Problem Description
One day I was shopping in the supermarket. There was a cashier counting coins seriously when a little kid running and singing "門前大橋下游過一群鴨,快來快來 數一數,二四六七八". And then the cashier put the counted coins back morosely and count again...
Hello Kiki is such a lovely girl that she loves doing counting in a different way. For example, when she is counting X coins, she count them N times. Each time she divide the coins into several same sized groups and write down the group size Mi and the number of the remaining coins Ai on her note.
One day Kiki's father found her note and he wanted to know how much coins Kiki was counting.
Input
The first line is T indicating the number of test cases.
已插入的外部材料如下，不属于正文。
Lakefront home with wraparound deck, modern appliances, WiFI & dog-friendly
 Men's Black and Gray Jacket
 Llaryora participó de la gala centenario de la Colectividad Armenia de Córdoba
Each case contains N on the first line, Mi(1 <= i <= N) on the second line, and corresponding Ai(1 <= i <= N) on the third line.
All numbers in the input and output are integers.
1 <= T <= 100, 1 <= N <= 6, 1 <= Mi <= 50, 0 <= Ai < Mi
Output
For each case output the least positive integer X which Kiki was counting in the sample output format. If there is no solution then output -1.
Sample Input
2
2
14 57
5 56
5
19 54 40 24 80
11 2 36 20 76
Sample Output
Case 1: 341
Case 2: 5996
題意:給你多種不同的數錢的方法,求滿足要求的最少的錢數。
思路:猛然間一看好像是關於中國剩余定理的題,但是這一題的模數不一定是兩兩互質。因此可以用解模線性方程組的方法來做,這就要求必須了解擴展歐幾裡得算法,下面說一下解模線性方程組的方法,思想:不斷的進行兩兩合並,即可求得。我們先可以先找兩個同余方程 設通解為N,N=r1(mod(m1)),N=r2(mod(m2)),顯然可以化為k1*m1+r1=k2*m2+r2;--->k1*m1+(-k2*m2)=r2-r1;設a=m1,b=m2,x=k1,y=(-k2),c=r2-r1方程可寫為ax+by=c;由擴展歐幾裡得解得x即可,那麼將x化為原方程的最小正整數解,(x*(c/d)%(b/d)+(b/d))%(b/d);那麼這個x就是原方程的最小整數解。所以N=a*(x+n*(b/d))+r1====N=(a*b/d)*n+(a*x+r1),這裡只有n為未知數所以又是一個N=(a*x+r1)(mod(a*b/d))的式子,然後只要不斷的將兩個式變成一個式子,最後就能解出這個方程組的解
AC代碼:
[cpp]
#include<iostream>
#include<string.h>
#include<string>
#include<cstdio>
#define N 7
using namespace std;
int M[N],A[N];
int Gcd(int a,int b)
{return b==0?a:Gcd(b,a%b);}
void gcd(int a,int b,int &d,int &x,int &y)
{
if(!b) x=1,y=0,d=a;
else gcd(b,a%b,d,y,x),y-=a/b*x;
}
int main()
{
int T;
scanf("%d",&T);
for(int k=1;k<=T;++k)
{
int n;
scanf("%d",&n);
for(int i=0;i!=n;++i) scanf("%d",&M[i]);
for(int i=0;i!=n;++i) scanf("%d",&A[i]);
int x,y,d;
int a=M[0],c1=A[0];
bool flag=false;
for(int i=1;i<n;++i)
{
int b=M[i];
int c=A[i]-c1;
gcd(a,b,d,x,y);
if(c%d){flag=true;break;}
int r=b/d;
x=(c/d*x%r+r)%r;
c1=a*x+c1;
a=a*r;
}
if(flag) printf("Case %d: -1\n",k);
else
{
int ans=1;
if(c1==0)//特殊情況當所有余數都為0時
{
for(int i=0;i!=n;++i)
ans=M[i]/Gcd(ans,M[i])*ans;
printf("Case %d: %d\n",k,ans);
}
else printf("Case %d: %d\n",k,c1);
}
}return 0;
}